The United States Coast Guard has removed a team member from duty after he was accused of making a "white power" sign on air.
The unidentified employee was seen glancing at the camera during an interview this week on American television news show MSNBC, before briefly making the hand gesture.
He was at a desk in the background as the cable channel spoke to Coast Guard commanding officer captain John Reed in Charleston, South Carolina.
The agency responded swiftly to the ensuing social media backlash.
The incident occurred as MSNBC covered the emergency response to deadly tropical storm Florence, which is drenching the Carolinas.
"Whatever that symbol means, it doesn't reflect the Coast Guard and our core values," Coast Guard lieutenant JB Zorn told NBC News.
"It won't be tolerated."
It is not clear how the thumb-and-forefinger 'OK' hand gesture became associated with "white power".
It apparently began as an online hoax before it was adopted by far-right sympathisers and even some Trump supporters to goad liberals.
Earlier this month, left-wing activists accused a former Trump administration official of making the symbol during a Senate hearing.

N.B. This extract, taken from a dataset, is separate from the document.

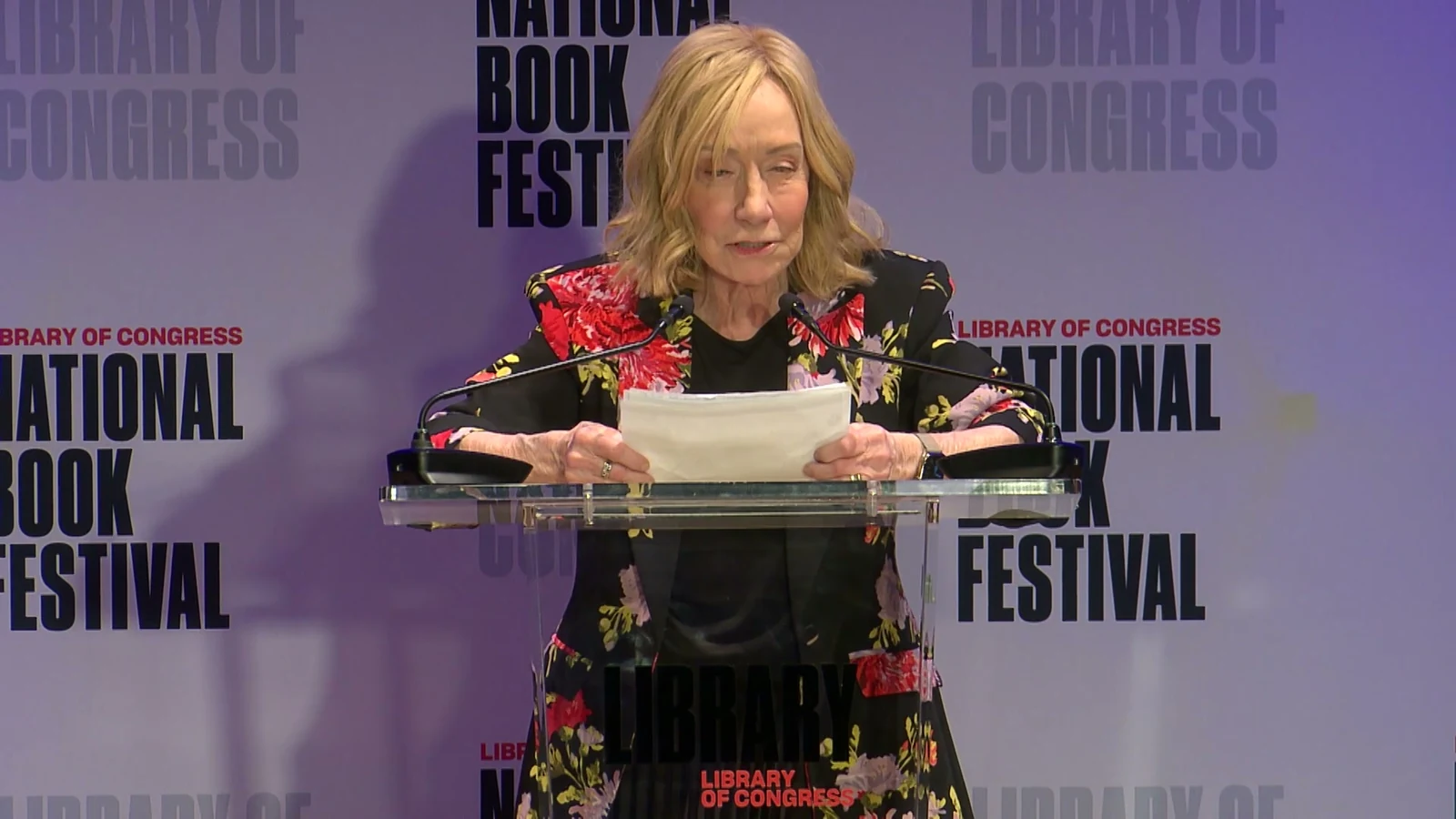 Historian Doris Kearns Goodwin reads at a clear lectern against a repeating National Book Festival backdrop.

Zina Bash was pictured sitting in the background during a confirmation hearing for Supreme Court nominee Brett Kavanaugh.
Ms Bash, who is of Jewish-Mexican heritage, was branded a "neo-Nazi" or "white supremacist".
Her husband, Texas prosecutor John Bash, angrily pointed out his wife is the grandchild of Holocaust survivors.
"Everyone tweeting this vicious conspiracy theory should be ashamed of themselves," he said.
"We weren't even familiar with the hateful symbol being attributed to her for the random way she rested her hand during a long hearing."